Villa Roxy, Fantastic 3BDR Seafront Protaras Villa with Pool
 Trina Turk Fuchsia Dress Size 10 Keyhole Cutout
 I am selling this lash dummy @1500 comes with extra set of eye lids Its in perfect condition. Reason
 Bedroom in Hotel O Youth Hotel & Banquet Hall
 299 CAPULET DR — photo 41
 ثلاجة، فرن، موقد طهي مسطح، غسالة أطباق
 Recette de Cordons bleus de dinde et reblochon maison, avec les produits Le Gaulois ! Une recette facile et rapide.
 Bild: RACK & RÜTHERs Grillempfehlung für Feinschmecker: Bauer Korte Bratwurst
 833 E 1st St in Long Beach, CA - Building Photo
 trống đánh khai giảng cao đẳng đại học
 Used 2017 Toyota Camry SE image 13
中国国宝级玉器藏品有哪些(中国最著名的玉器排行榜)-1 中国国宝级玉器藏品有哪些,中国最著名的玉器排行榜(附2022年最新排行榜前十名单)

☆ ☆ ☆ ☆ ☆

◆ THE PROBLEM ◆
Give again the closing portion of the entries, from the line with "299 CAPULET DR — photo 41" through the last line. Keep it exact and add nothing.

◆ RESPONSE AREA ◆
 299 CAPULET DR — photo 41
 ثلاجة، فرن، موقد طهي مسطح، غسالة أطباق
 Recette de Cordons bleus de dinde et reblochon maison, avec les produits Le Gaulois ! Une recette facile et rapide.
 Bild: RACK & RÜTHERs Grillempfehlung für Feinschmecker: Bauer Korte Bratwurst
 833 E 1st St in Long Beach, CA - Building Photo
 trống đánh khai giảng cao đẳng đại học
 Used 2017 Toyota Camry SE image 13
中国国宝级玉器藏品有哪些(中国最著名的玉器排行榜)-1 中国国宝级玉器藏品有哪些,中国最著名的玉器排行榜(附2022年最新排行榜前十名单)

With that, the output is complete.